In 1972, he returned to German cabaret stages and subsequently became one of the most productive and successful representatives of literary cabaret in Germany, with more than 200 performances every year. In 1985, his wife died, and Hüsch wrote his most successful programme ever: "Und sie bewegt mich doch"/"And yet she moves me". In 1988 Hüsch left Mainz and went to Cologne, where he met his second wife Christiane. In 1996 Hüsch contracted lung cancer, caused by his cigarette smoking, but survived. Until the end of 2000, he toured with his farewell programme "Wir sehen uns wieder" ("We will meet again") in Germany, Austria and Switzerland. In 2001, a stroke ended his plan to play King Lear at the Staatstheater Dresden. Complications resulting from the stroke and cancer confined him to his home in Windeck near Cologne, where he was nursed by Christiane. Hanns Dieter Hüsch died 6 months after his 80th birthday.

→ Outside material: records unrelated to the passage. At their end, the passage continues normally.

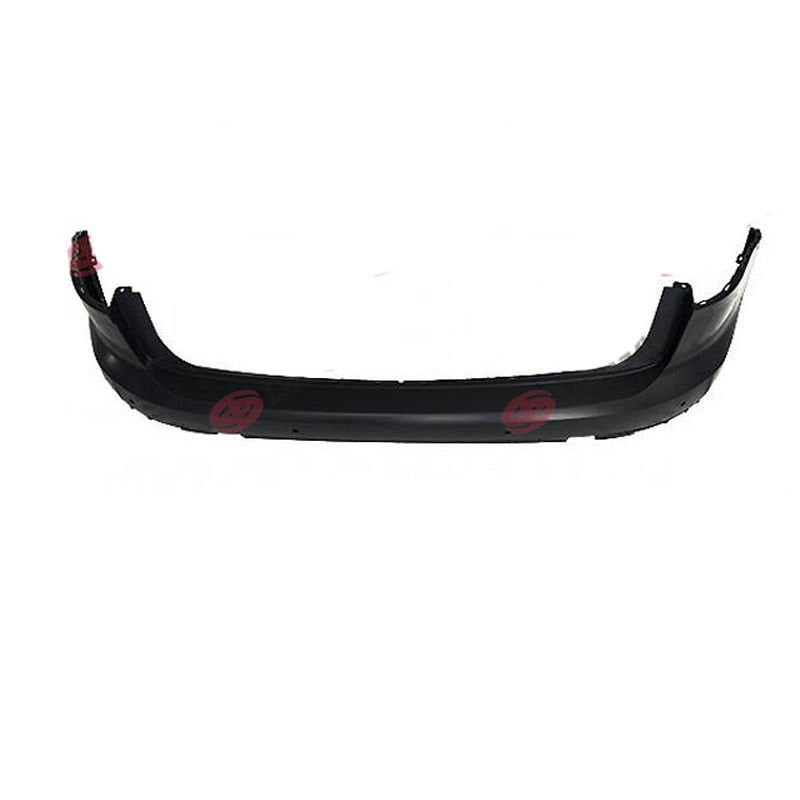 Touareg Arka Tampon Ast.19-23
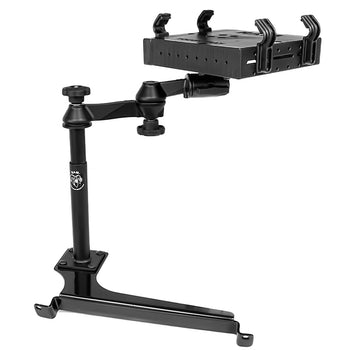 RAM® No-Drill™ Laptop Mount for '06-12 Ford Fusion + More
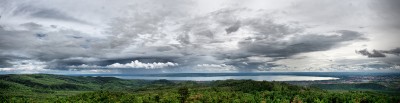 Balatoni Panoráma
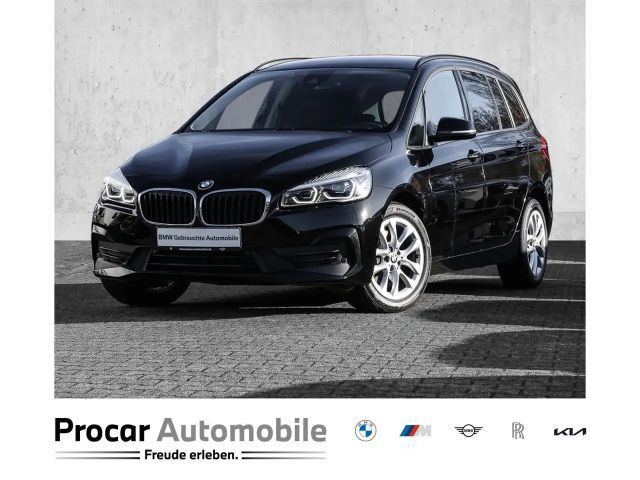 BMW 2 Serie 218 218d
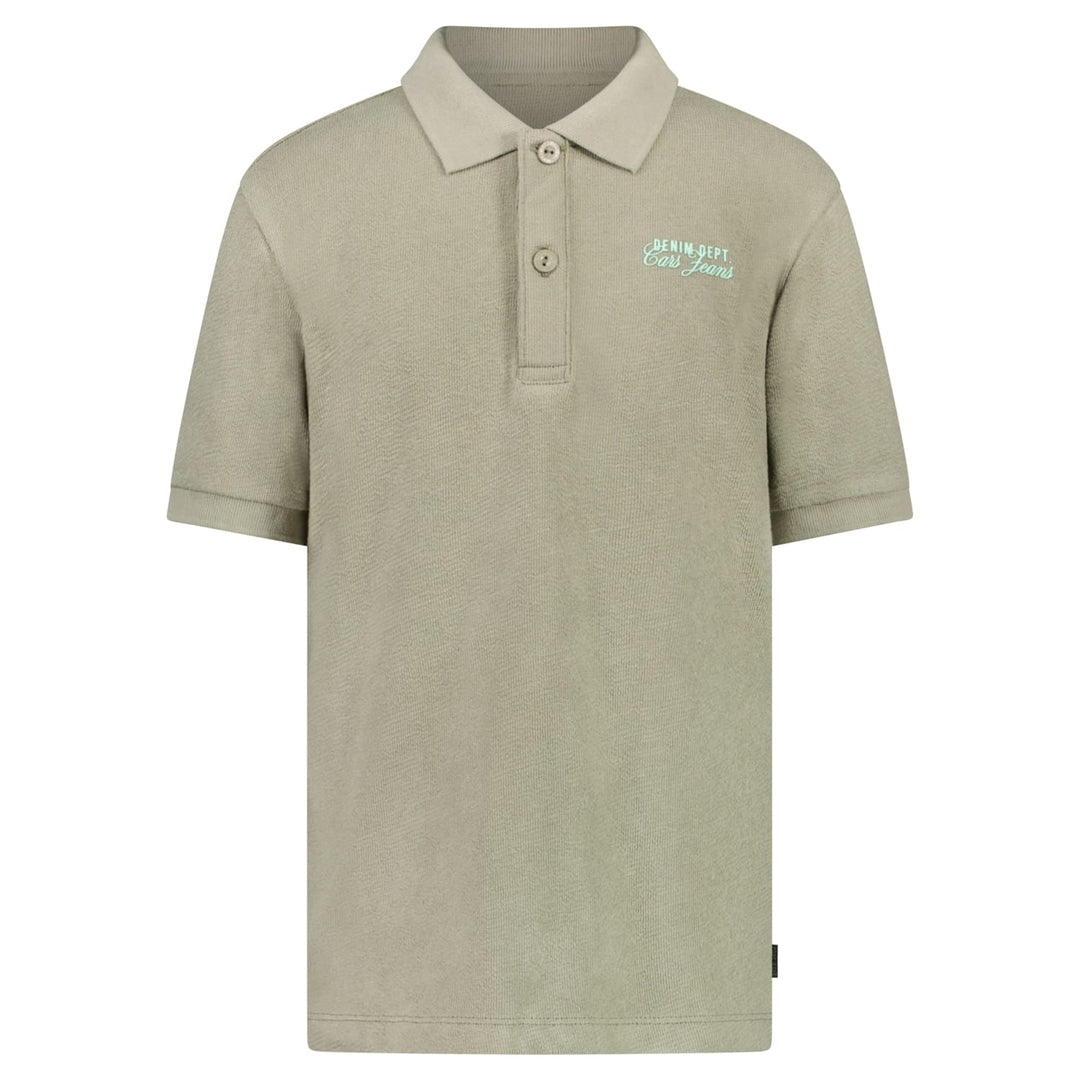 Cars boys t-shirt k/m jongens grijs melee – 51571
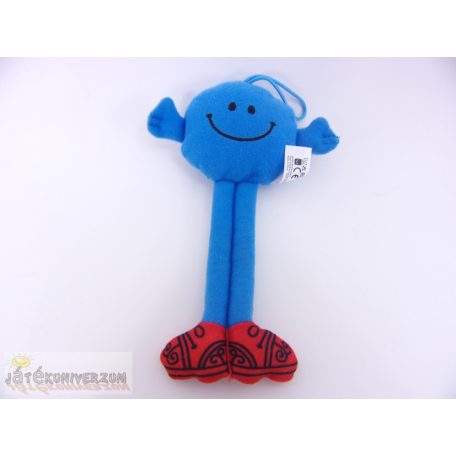 Mr Men Little Miss plüss figuracsomag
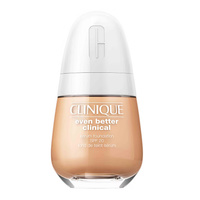 Clinique Even Better Clinical Serum Foundation SPF20 podkład wyrównujący koloryt skóry CN 18 Cream Whip 30ml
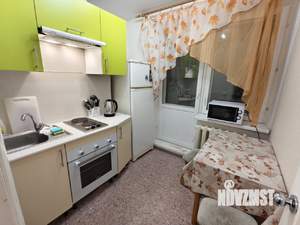 1-к квартира, на длительный срок, 23м2, 15/16 этаж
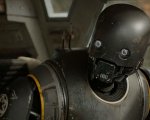 Cassian Andor: il droide K-2SO non sarà presente nella serie?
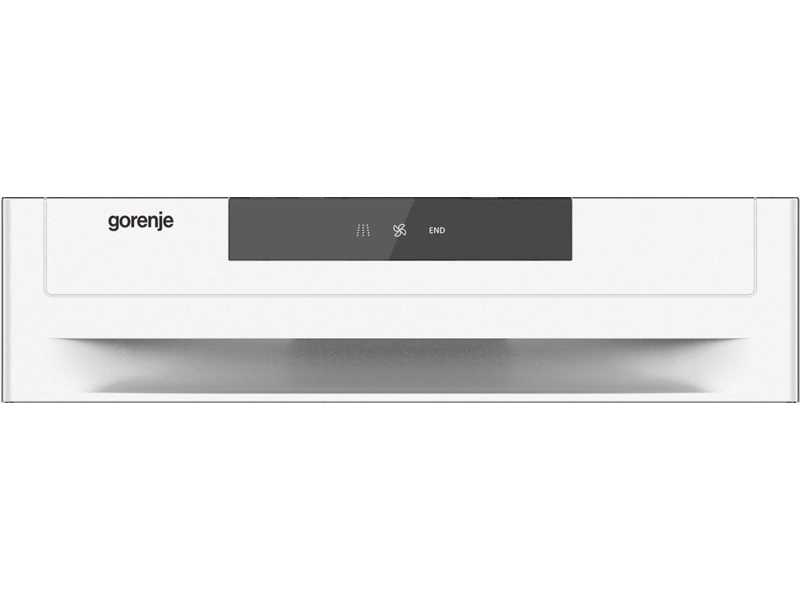 Gorenje GS52040W Szabadonálló mosogatógép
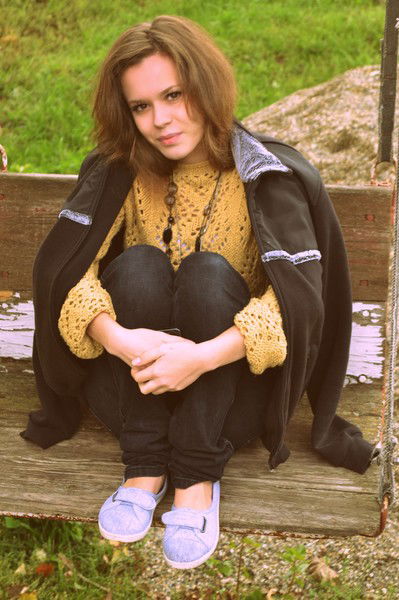 Татьяна Щендригина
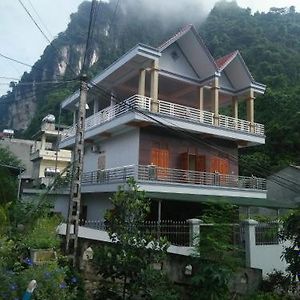 Hai Phan Homestay Hà Giang Exterior photo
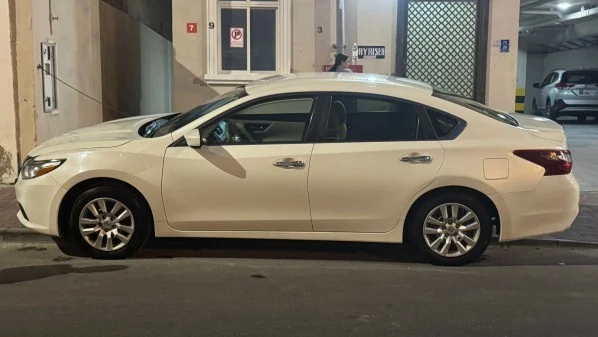 For Sale Nissan Altima 2018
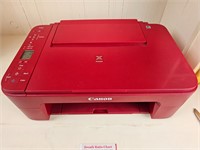 Canon Pixma TS3320 Printer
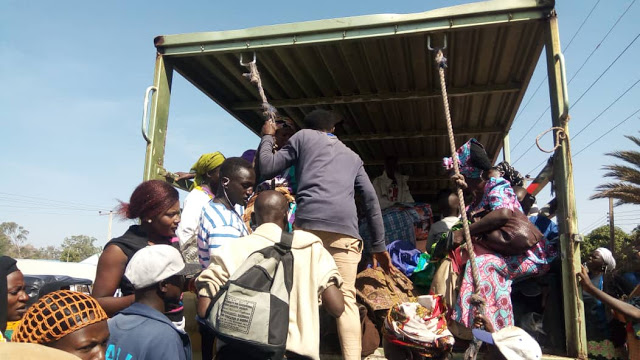 We’ll support IDPs reclaim their land in Plateau – COCIN President
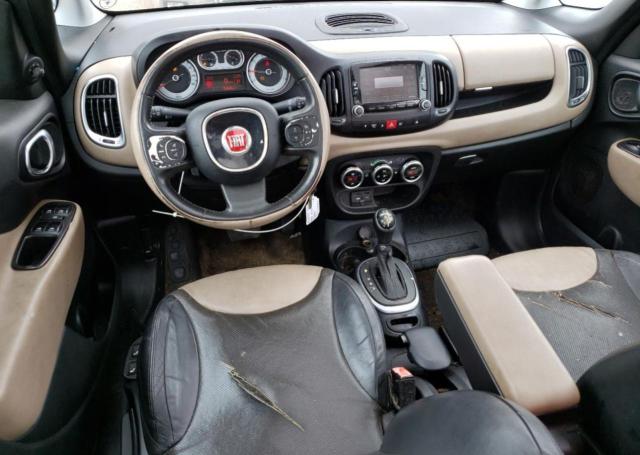 ZFBCFACHXEZ010821 Fiat 500l Lounge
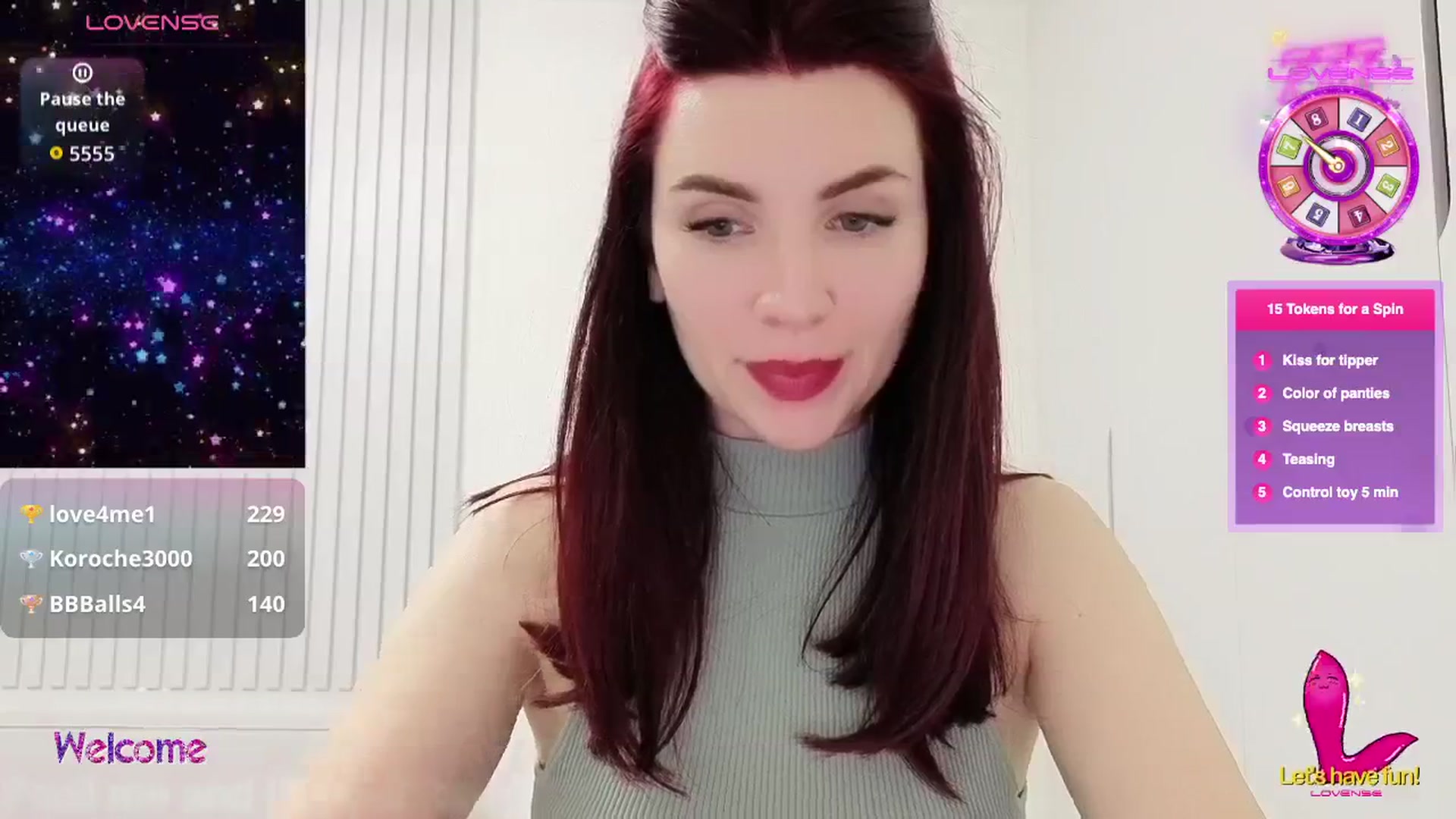 MiaLuxe video thumbnail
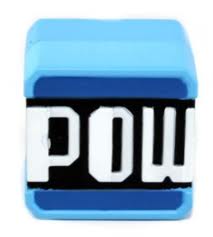 Pow box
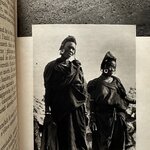 Du PUIGAUDEAU O. : Le sel du désert. La Route des Rois. Librairie. Marseille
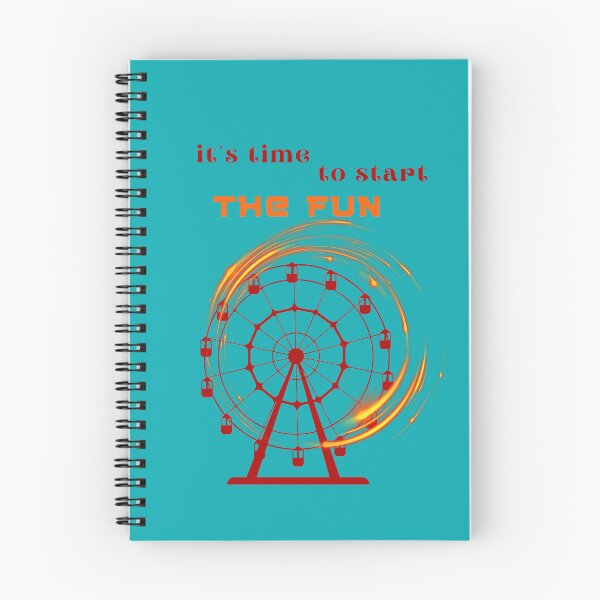 Item preview, Fun times designed and sold by Daisy-83.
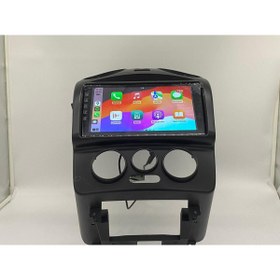 Resim NAWSOON VOLKSWAGEN BEETLE ANDROİD MULTİMEDYA OYNATICI CARPLAY&ANDROİD AUTO 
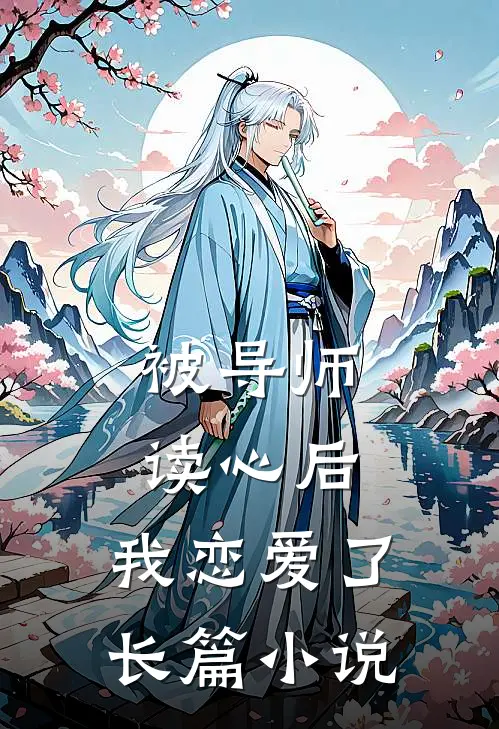 被导师读心后,我恋爱了长篇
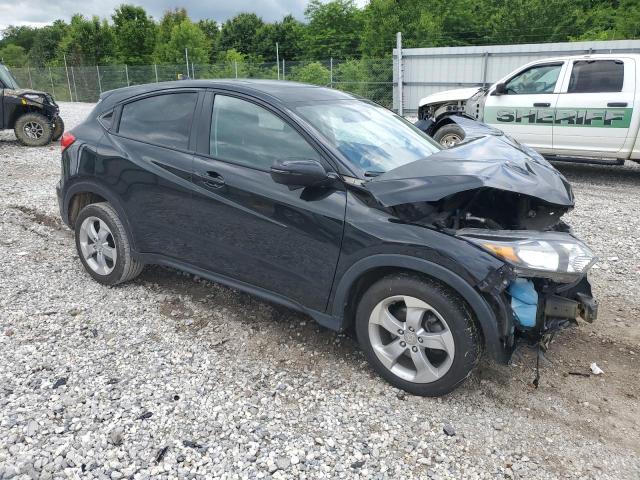 Vin: 3czru6h52gm746823, lot: 58837885, honda hr-v ex 20164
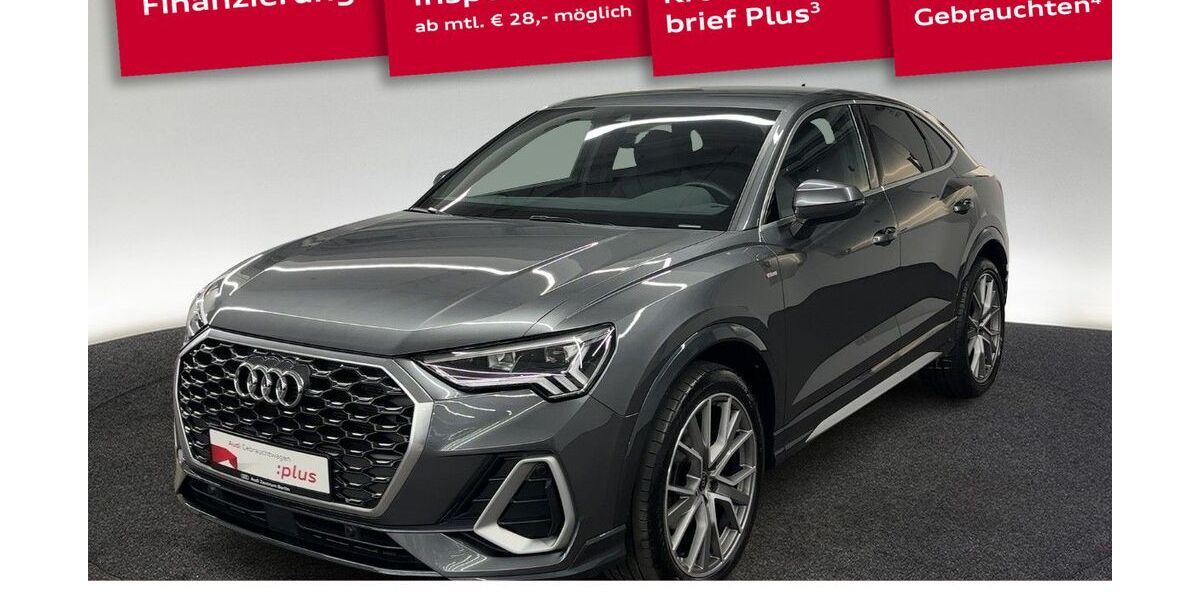 Audi Q3 59.400 km 34.500 &euro; Berlin 10587
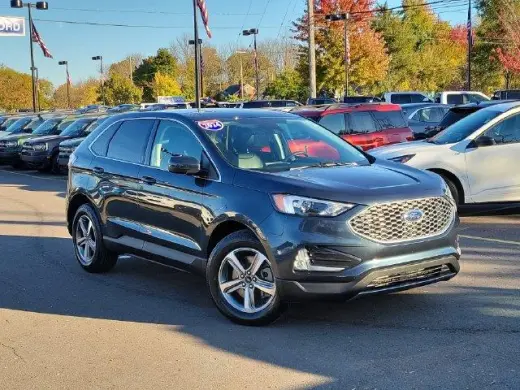 Ford Edge 2024 AWD SEL 4dr SUV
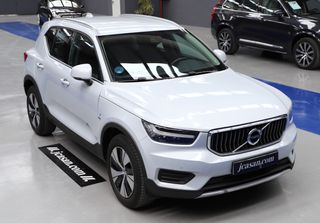 Volvo XC40 2021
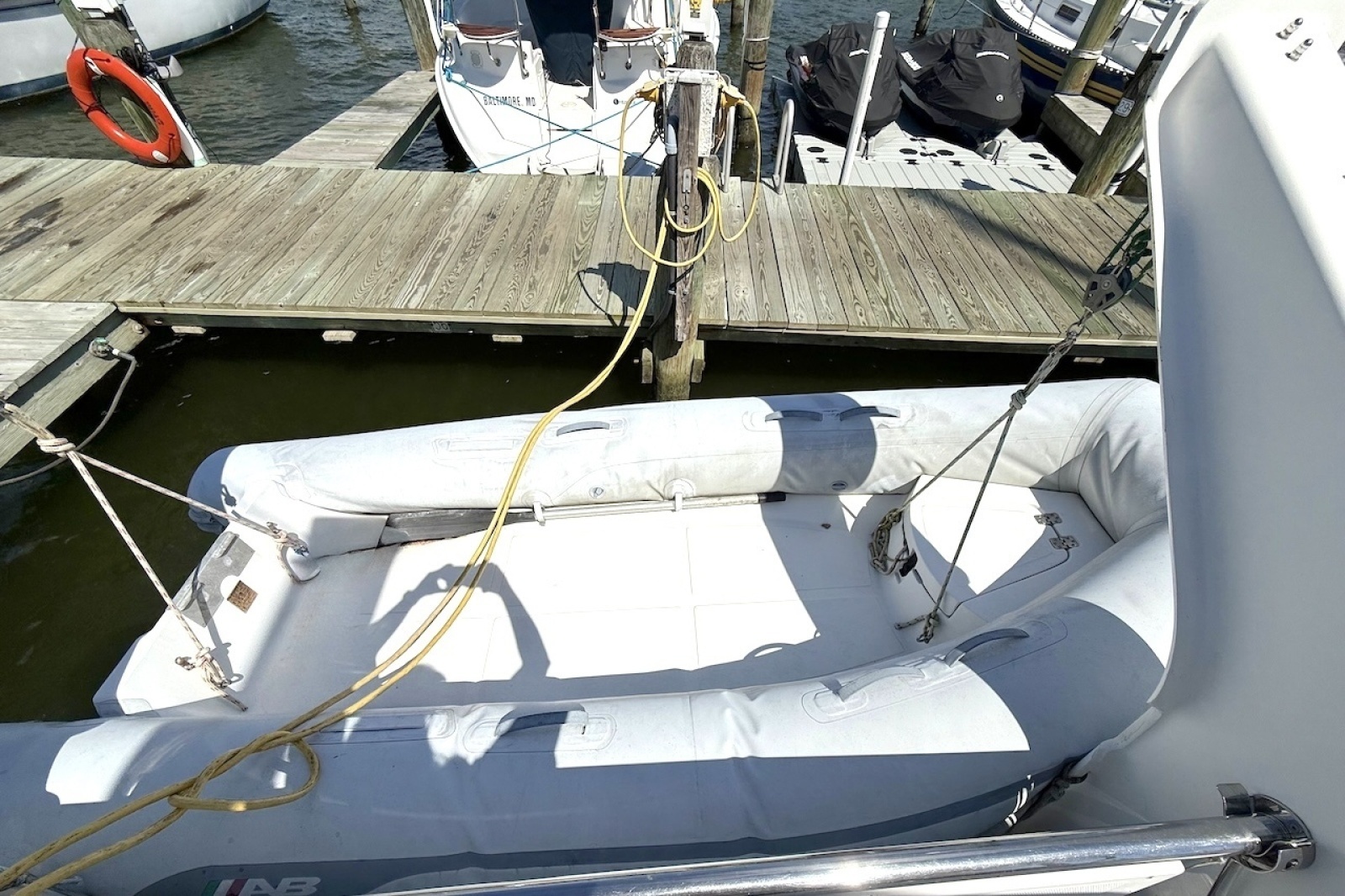 2010 Leopard 46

It is said that more than 3.5 million people have seen Hanns Dieter Hüsch's live performances from 1947 to 2000. He received the Bundesverdienstkreuz and, twice, the German Cabaret award "Deutscher Kleinkunstpreis"; he also received honorary citizenship of Moers and Mainz, the North Rhine-Westphalia culture prize, the 1995 Kassel Literary Prize, and the culture prize of Rhineland-Palatinate, as well as other honors. Since the end of the 1960s, he began using a Philicorda organ on stage instead of a piano or grand piano which has since become his musical trademark.